(Raw data):
((

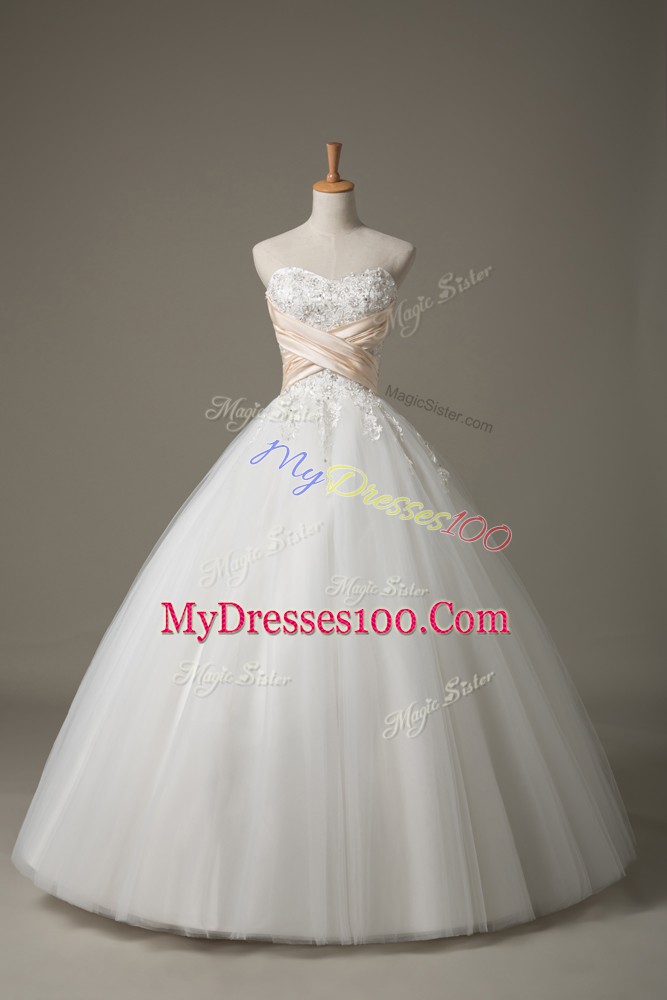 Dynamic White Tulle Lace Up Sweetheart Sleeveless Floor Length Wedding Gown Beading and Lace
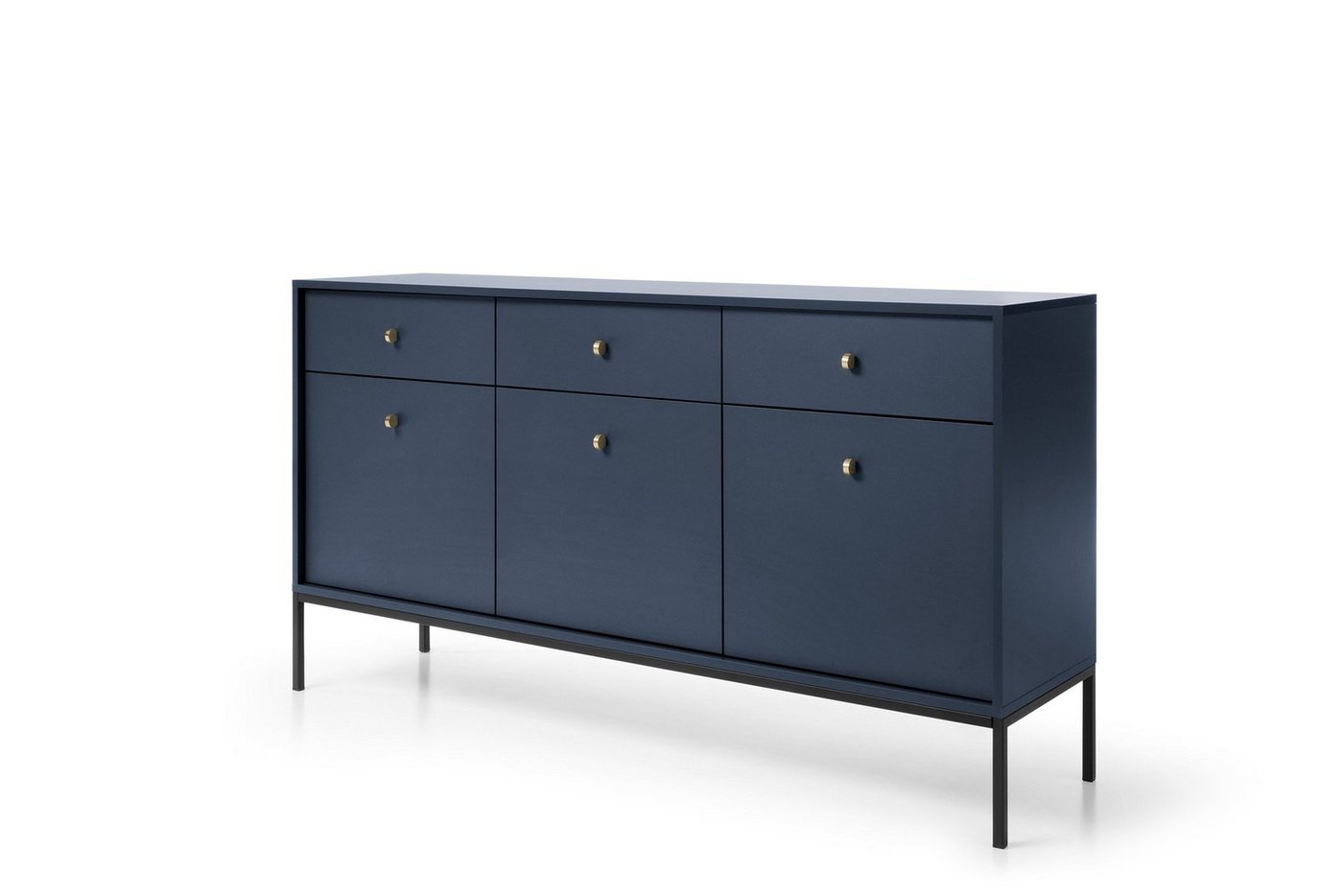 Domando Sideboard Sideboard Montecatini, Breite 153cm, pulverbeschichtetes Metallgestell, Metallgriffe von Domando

))
((

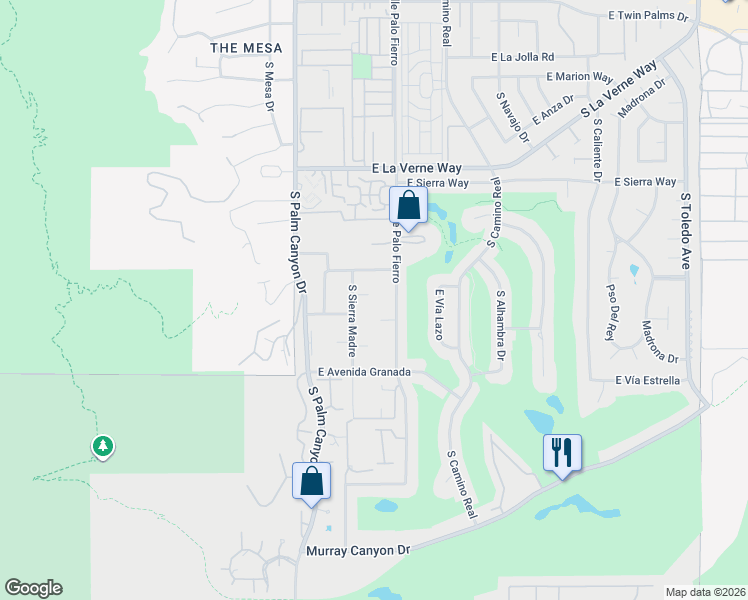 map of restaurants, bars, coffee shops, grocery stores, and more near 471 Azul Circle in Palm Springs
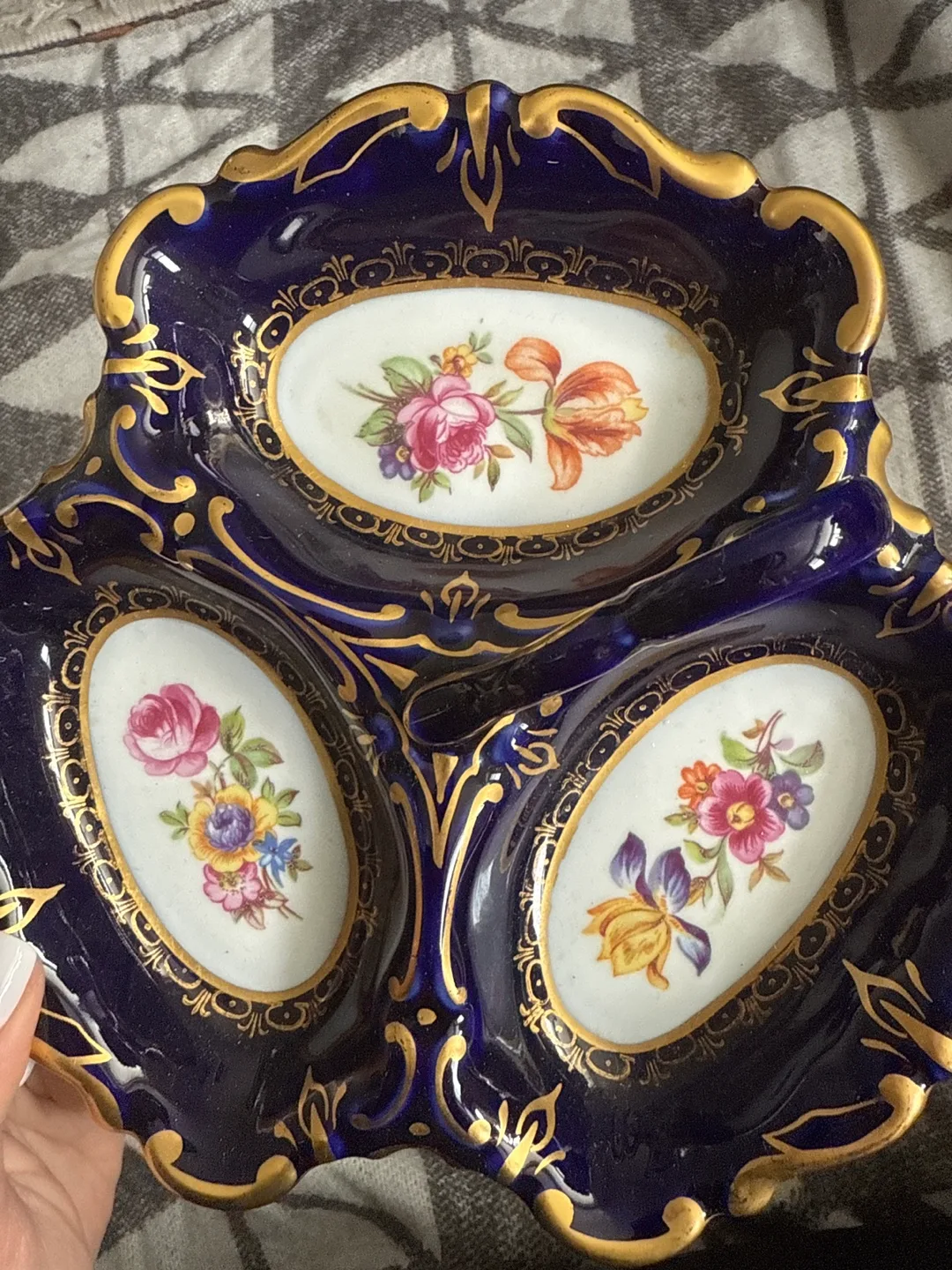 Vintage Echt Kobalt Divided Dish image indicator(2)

))

For the material above, give again only the lines starting at the line that contains "Dynamic White Tulle" and ending at the line that contains "Domando Sideboard Sideboard". Pictures do not belong in the copy.

 Dynamic White Tulle Lace Up Sweetheart Sleeveless Floor Length Wedding Gown Beading and Lace
 Domando Sideboard Sideboard Montecatini, Breite 153cm, pulverbeschichtetes Metallgestell, Metallgriffe von Domando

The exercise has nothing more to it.